Recent research has shown that exercising with a more capable partner where one’s performance is indispensable to the group (referred to as the Köhler motivation gain effect) leads to greater effort in partnered exergame play.
Based on positive results with young adults, current research is examining whether a Köhler effect can be observed in an exergame by middle-aged adults exercising with a moderately superior software-generated partner– one that is anthropomorphic but clearly artificial and synthetic.
The current research includes middle-aged adults interacting in a custom designed exergame that involves holding a series of five plank exercises for as long as possible. Ss complete the exercise individually, and after a rest, completed the same exercises with either a software-generated partner (SGP), or no partner at all (IC). The partner is presented as being slightly more capable at the plank activity than the Ss based on the Ss initial exercise scores. The experiment includes measures of exercise persistence, perceived exertion, self-efficacy beliefs, enjoyment, and intentions to exercise.
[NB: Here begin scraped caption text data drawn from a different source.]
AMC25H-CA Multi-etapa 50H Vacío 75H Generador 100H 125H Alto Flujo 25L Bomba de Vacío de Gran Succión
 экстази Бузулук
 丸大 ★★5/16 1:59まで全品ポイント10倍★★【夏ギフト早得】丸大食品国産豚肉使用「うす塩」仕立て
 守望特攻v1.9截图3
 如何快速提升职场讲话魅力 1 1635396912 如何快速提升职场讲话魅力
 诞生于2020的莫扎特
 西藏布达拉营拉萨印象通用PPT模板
The designs of the characters were based on focus groups with the target audience. The SGP is represented as a three-dimensional animated male or female character generated out of Mixamo Fuse and then customized in Maya. The SGP speaks through the voice of a prerecorded voice actors and moves with human-like motion based on a combination of human motion capture date, keyframe animation, and software generated movements. The Ss initially meet the SGP during either an interactive dialog based on a preconstructed dialog tree or a prescripted, non-interactive dialog to attempt to establish a human-like relationship with the partner. The exergame was inspired by the Playstation 2 Eyetoy: Kinetic, though the Kinetic does not employ a SGP. The exergame was custom built in C# on top of the Unity3D engine. The graphical user interface was built on top of the NGUI architecture.
While data is still being collected, thus far the difference scores suggest a significant Köhler motivation gain effect will be observed for both partner conditions over the control. NOTE: Data collection and analysis will be complete by the time of Meaningful Play.